# Task brief
Copy the lines verbatim, beginning with the line that contains "A scenic Japanese" and continuing through the end of the data, and only those lines.

# Data section

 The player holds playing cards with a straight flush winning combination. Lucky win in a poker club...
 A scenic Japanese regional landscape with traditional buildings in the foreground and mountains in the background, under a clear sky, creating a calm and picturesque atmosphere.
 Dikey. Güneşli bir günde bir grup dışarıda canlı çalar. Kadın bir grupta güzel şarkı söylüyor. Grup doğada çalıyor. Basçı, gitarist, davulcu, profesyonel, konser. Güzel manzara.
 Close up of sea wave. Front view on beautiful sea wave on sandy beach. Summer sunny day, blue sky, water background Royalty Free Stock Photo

# Solution
 A scenic Japanese regional landscape with traditional buildings in the foreground and mountains in the background, under a clear sky, creating a calm and picturesque atmosphere.
 Dikey. Güneşli bir günde bir grup dışarıda canlı çalar. Kadın bir grupta güzel şarkı söylüyor. Grup doğada çalıyor. Basçı, gitarist, davulcu, profesyonel, konser. Güzel manzara.
 Close up of sea wave. Front view on beautiful sea wave on sandy beach. Summer sunny day, blue sky, water background Royalty Free Stock Photo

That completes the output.